Agricultores, entidades financieras y administraciones públicas apoyan la agrovoltaica en Cataluña como una estrategia clave para fortalecer la resiliencia del campo ante el cambio climático y avanzar en la transición energética. Recientemente, se llevaron a cabo jornadas en Barcelona donde se discutió sobre la combinación de la producción agrícola y la energía solar fotovoltaica, destacando su potencial para modernizar el sector agrícola.

Este modelo innovador permite instalar paneles solares en terrenos agrícolas, contribuyendo así a diversificar ingresos sin sacrificar la actividad agropecuaria.
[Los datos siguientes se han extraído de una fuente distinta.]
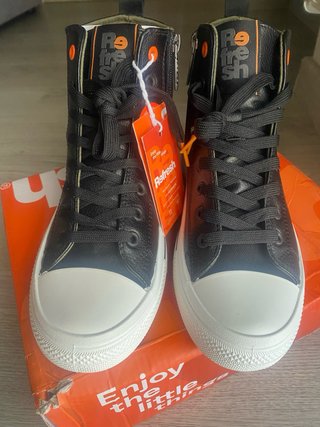 Botas deportivas negras con etiquetas talla 38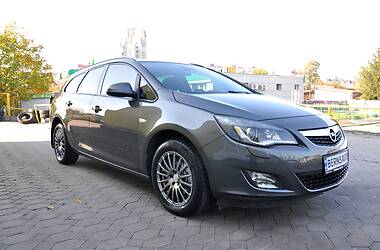 Opel Astra  2011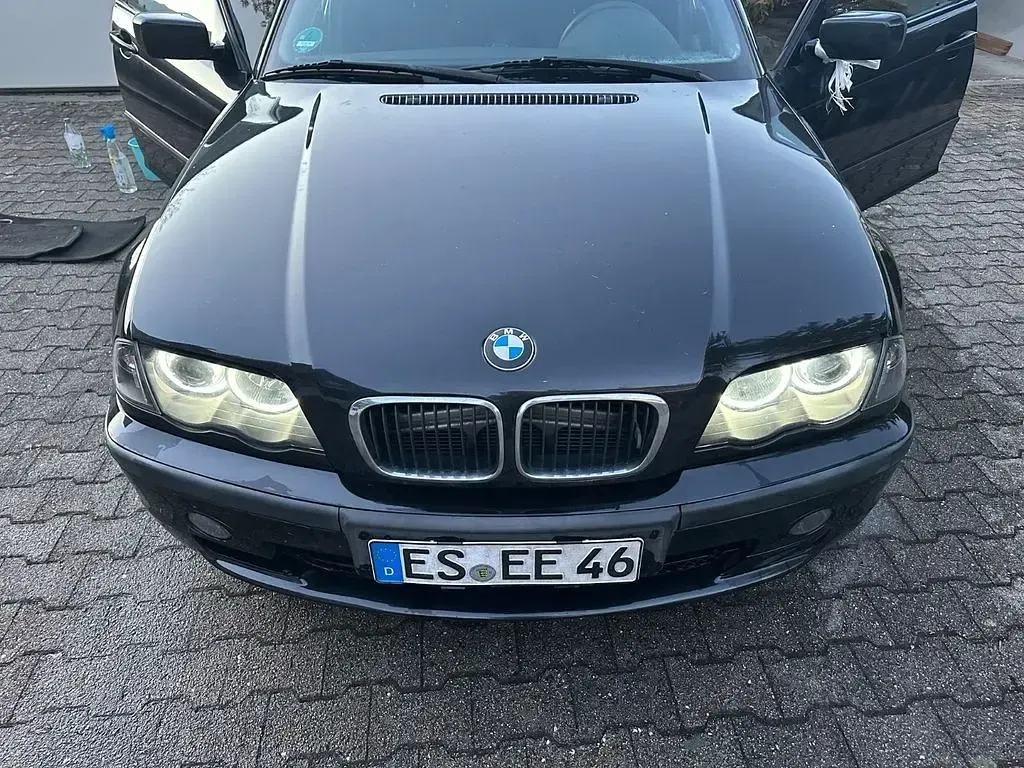 Używany BMW 325 M Sport 192 KM (141 kW) 2000 Czarny Sedan/Limuzyna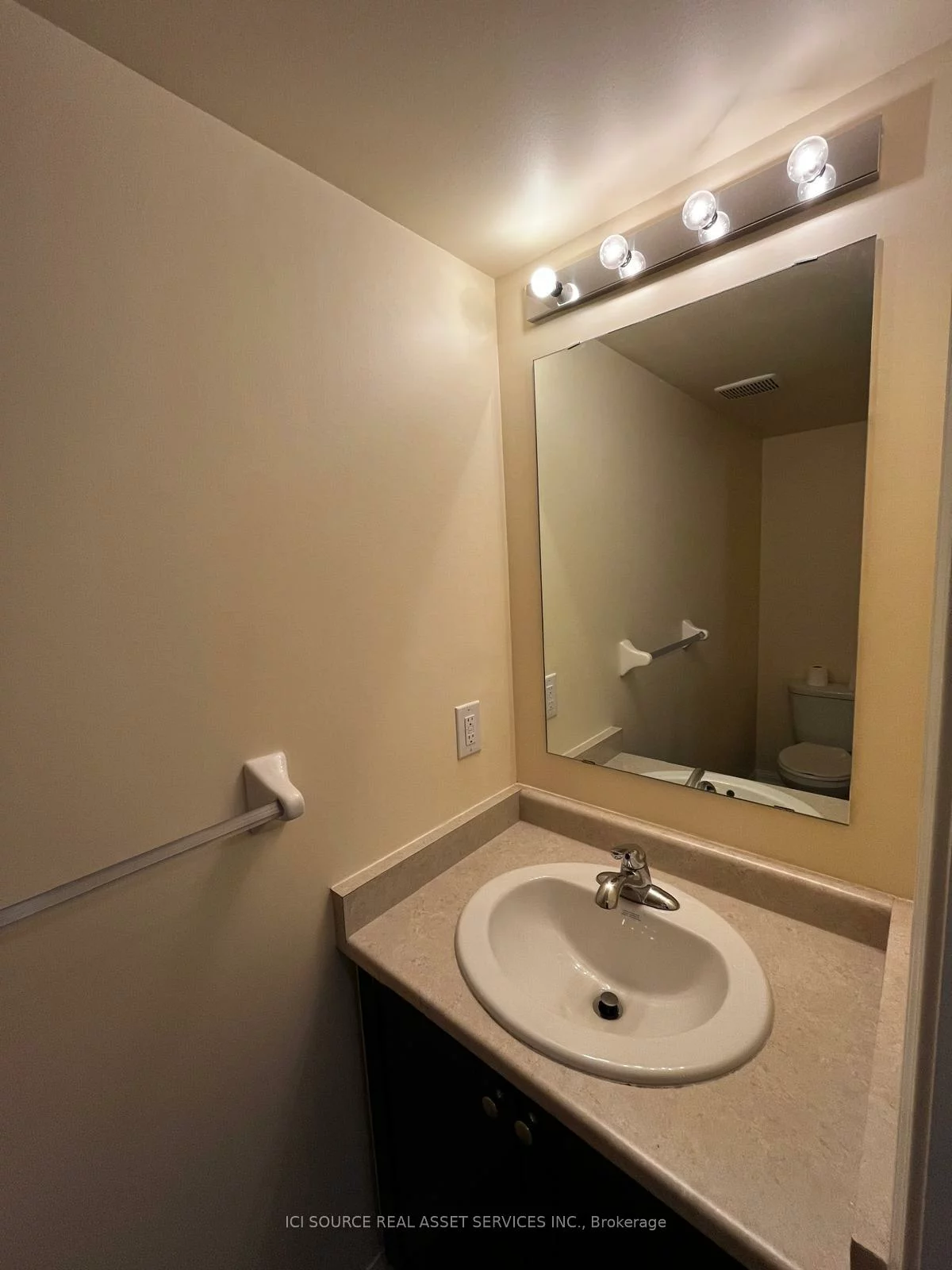250, Sunny Meadow, Sandringham-Wellington, Brampton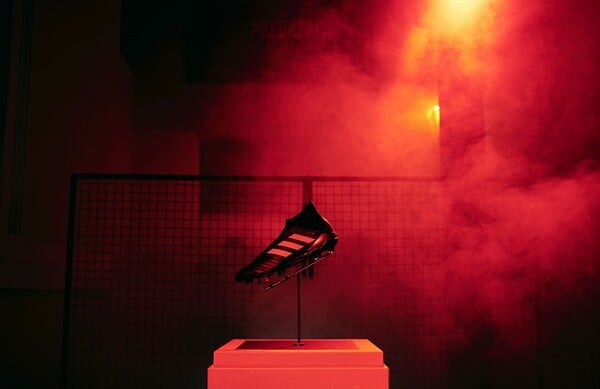 Το adidas Predator προσγειώθηκε στην Αθήνα με τον πιο εκρηκτικό τρόπο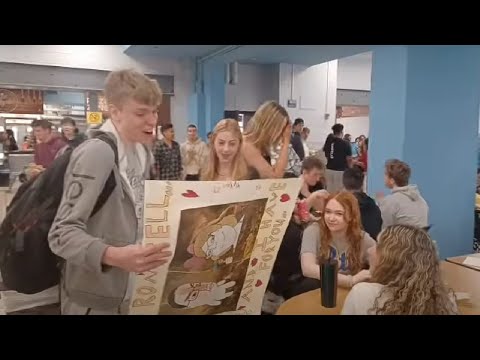 Soyteen asks a girl out to prom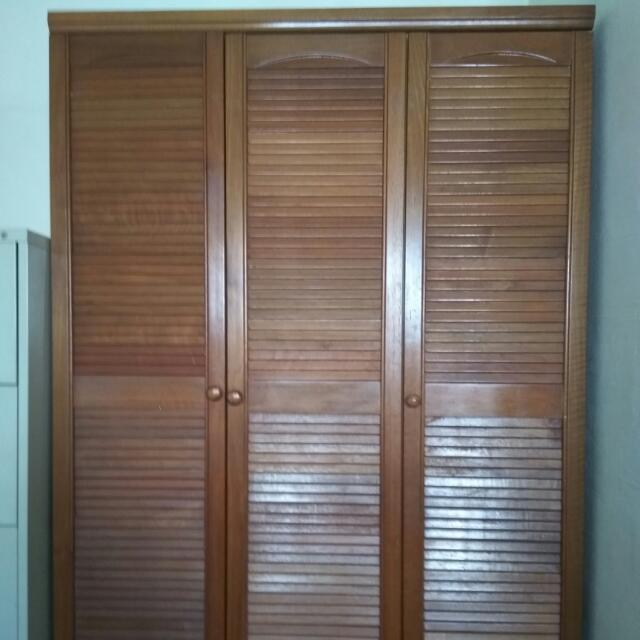 3 Door Wardrobe C W Drawers With Key Lock Furniture Shelves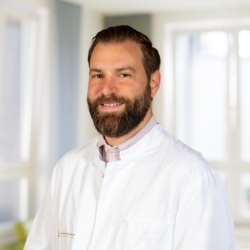 Portraitaufnahme von Dr. med. Stephan Feulner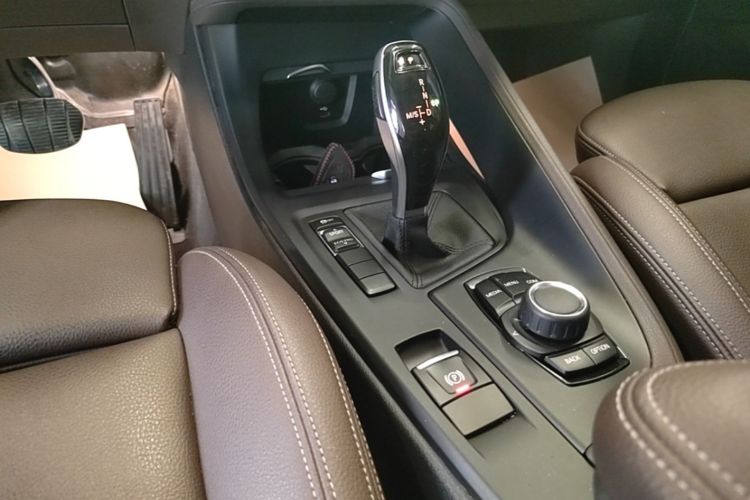 BMW X1 2019 image de voiture #14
La región se encuentra liderando las solicitudes de fondos públicos para apoyar este tipo de proyectos, con el objetivo de que los agricultores puedan beneficiarse de la generación de energía renovable y optimizar el uso del agua en sus cultivos.

La agrovoltaica se presenta también como una herramienta vital para mejorar la sostenibilidad del campo catalán, ayudando a reducir costes operativos y permitiendo una mayor competitividad frente al aumento de precios energéticos. Además, la incorporación de tecnologías como paneles semitransparentes favorece la salud del cultivo al protegerlos del estrés hídrico. Con este enfoque, Cataluña busca convertirse en un referente europeo en la integración de agricultura y energías renovables.